Building Control Completion Certificates: What They Are and Why They Matter
Quick Answer: A Building Control completion certificate is the document issued at the end of a building project confirming that the work complies, as far as can be ascertained, with the Building Regulations 2010. It is issued by the body that supervised the work — either the local authority Building Control or a private Building Control Approver (formerly an Approved Inspector) registered with the Building Safety Regulator. It is not the same as approval at the start of a job: approval (a building notice or full plans application) authorises work to begin, while the completion certificate confirms the finished work passed inspection.
Summary
Almost every conveyancing solicitor in England and Wales will ask for Building Control completion certificates when a property is sold.

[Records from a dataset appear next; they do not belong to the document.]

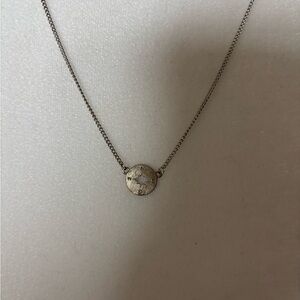 Silver Plated Compass Necklace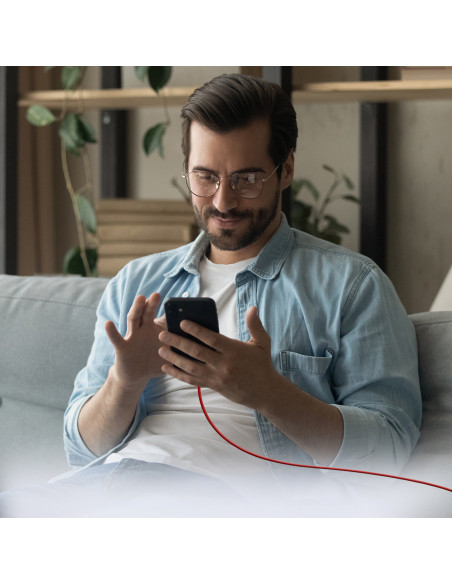 
USB-C 60W pintas laidas 1,5 m – raudonas
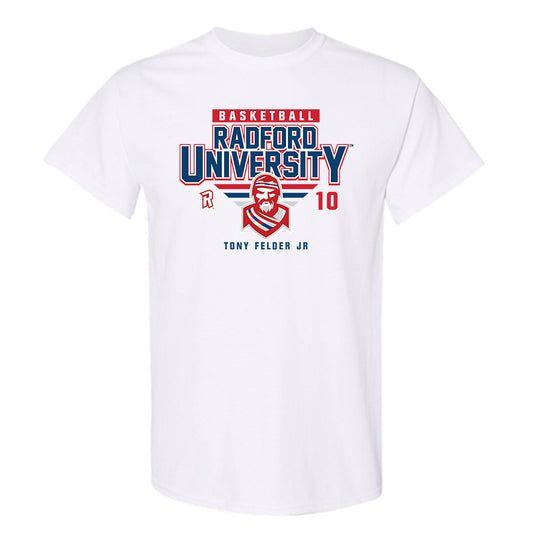 Radford - NCAA Men's Basketball : Tony Felder Jr - Classic Fashion Shersey T-Shirt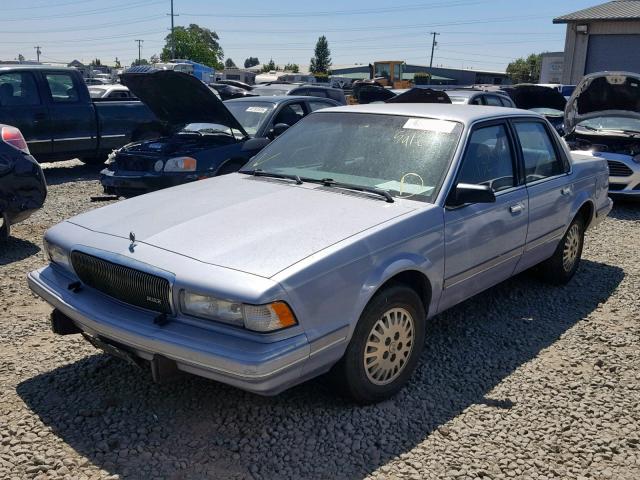 1G4AG55M6S6506033 - 1995 BUICK CENTURY SP BLUE photo 2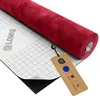 LOMIQ Mikrofaserstoff Selbstklebend, 250x150cm, Dunkelrot, Produktbild-Vorschau 1
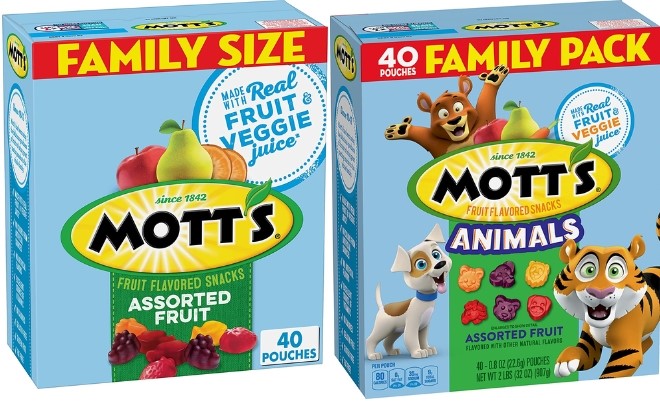 Mott's Fruit Flavored Snacks - 1 Motts Fruit Flavored Snacks 1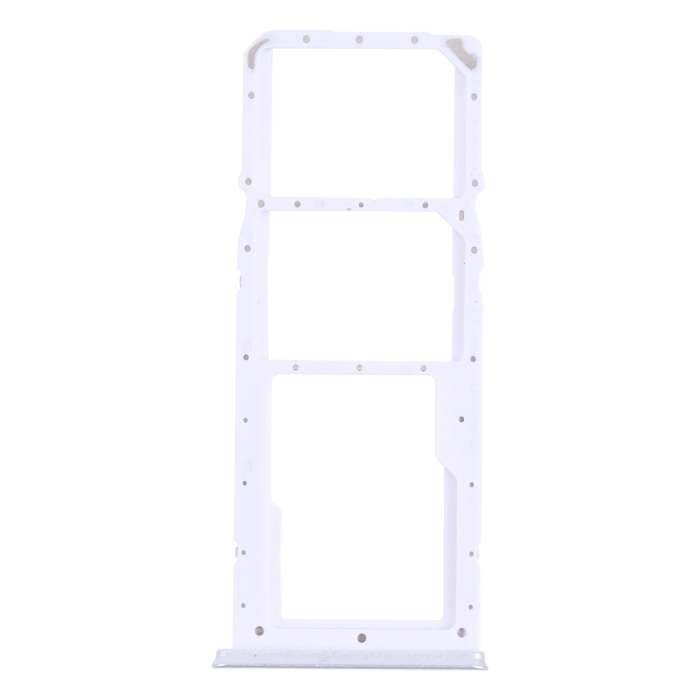 For OPPO Realme 7i (Global)  SIM Card Tray + SIM Card Tray + Micro SD Card Tray (Silver)
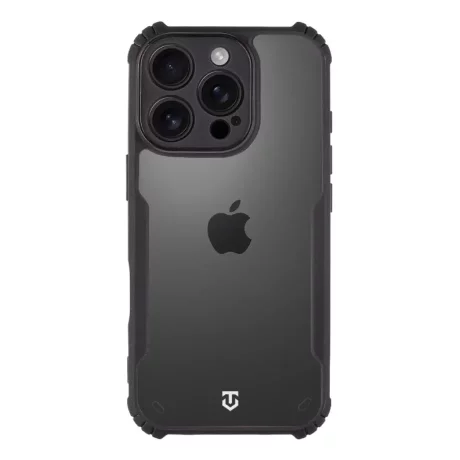 Husa iPhone 16 Pro Tactical Quantum Stealth Transparent/ Negru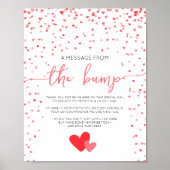 バンプサインからのメッセージ赤ちゃんシャワーの装飾 ポスター (正面)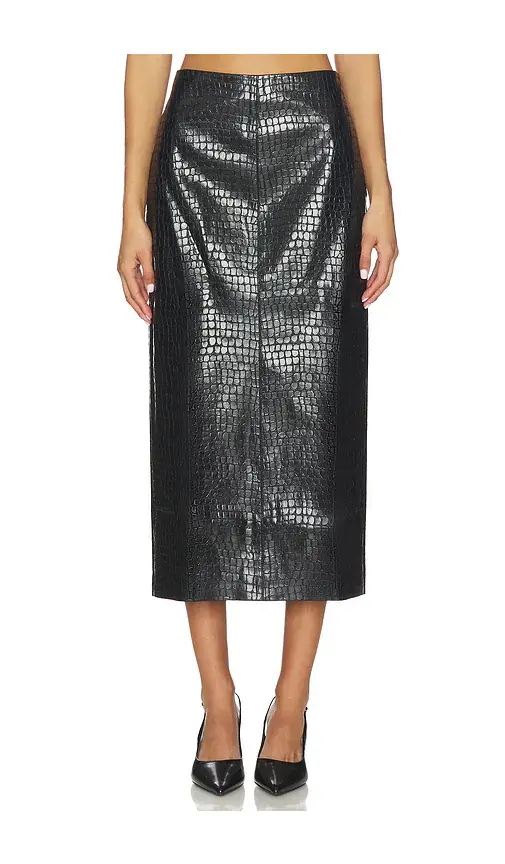 L'Academie Alisson Midi Skirt | Thumbnail 7 L'Academie Alisson Midi Skirt | Thumbnail 7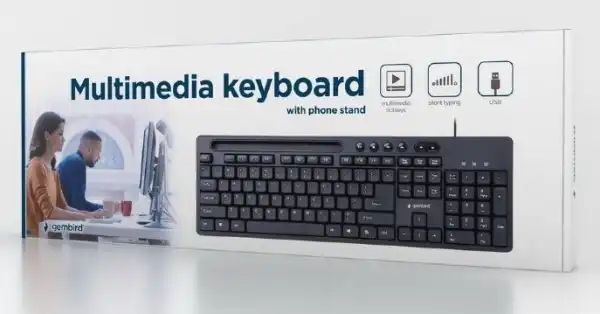 KB-UM-108 Gembird Multimedijalna tastatura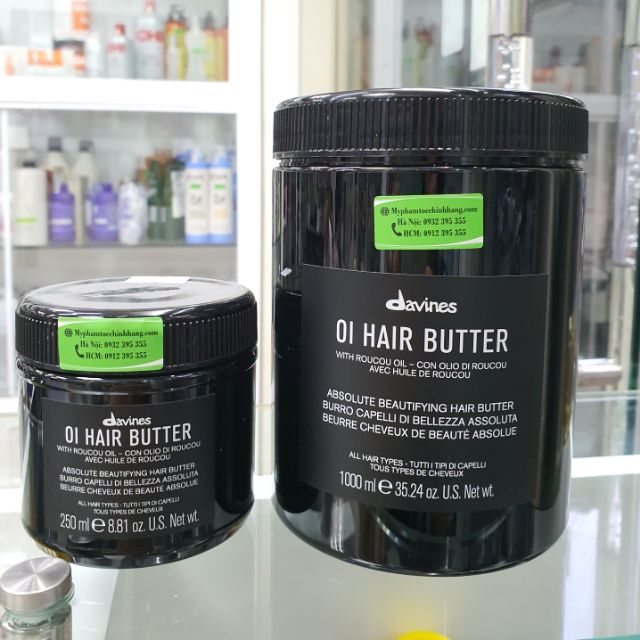 MẶT NẠ DAVINES OI HAIR BUTTER TRỊ LIỆU NUÔI DƯỠNG MỌI LOẠI TÓC 250ML -1000ML | BigBuy360 - bigbuy360.vn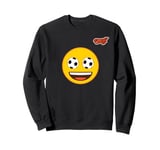 soccer eyes face Flat Sweatshirt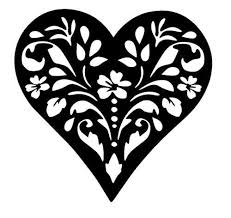 Black And White Stencil Pattern Image Result For Black And White Heart Stencil Printable Stencil Patterns Printable Heart Template Stencils Printables Templates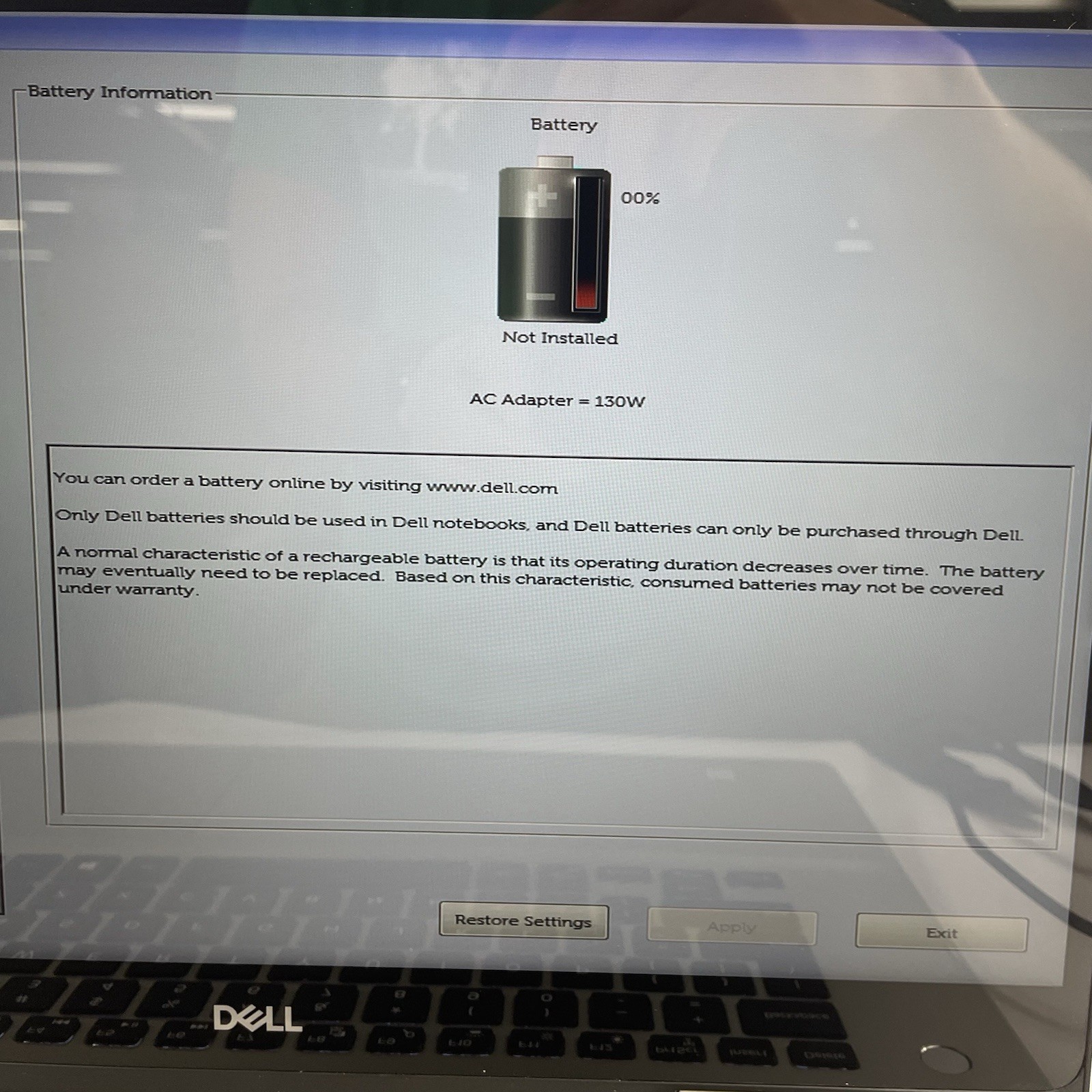 Dell Inspiron 7586 15.6″ i5-8265U 1.60 GHz 8 GB RAM No SSD/OS/AC/Batt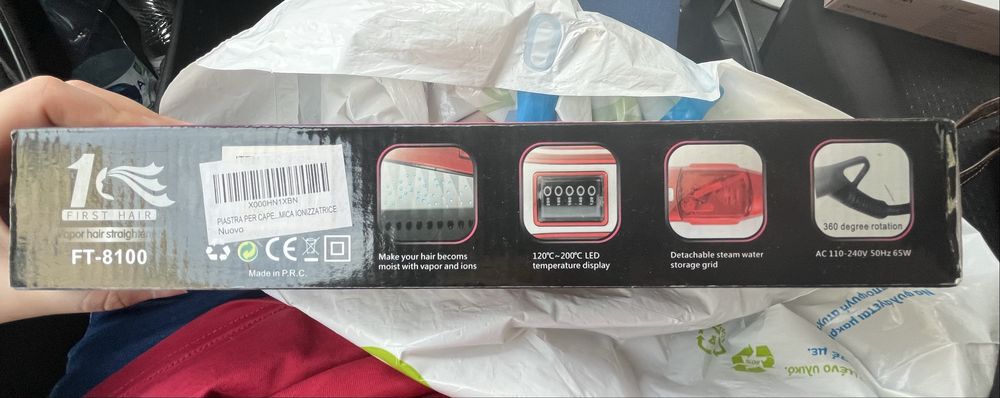 Placa de intins parul pe aburi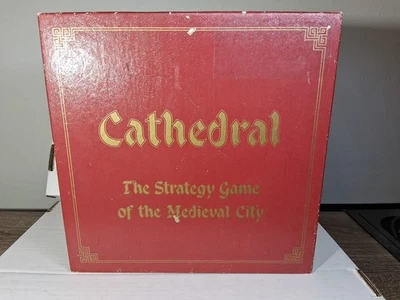Vintage 1978 Cathedral Mediaeval City Strategy Board Game With Wood Pieces  - Image 1 of 4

For a tradesperson, the completion certificate is the paperwork that proves your work was signed off — and its absence can stall a sale, trigger a price reduction, or land your former client with a demand for retrospective regularisation years later. Understanding how and when these certificates are issued protects both you and your customer.
The process matters because notifiable building work that is carried out without Building Control involvement is, in plain terms, unauthorised. There is no time limit after which unauthorised work becomes "legal" simply by age — the enforcement window for prosecution is limited, but the work remains non-compliant and the lack of a certificate follows the property forever. The fix for already-completed unauthorised work is a regularisation certificate, applied for retrospectively, which usually involves opening up finished work for inspection.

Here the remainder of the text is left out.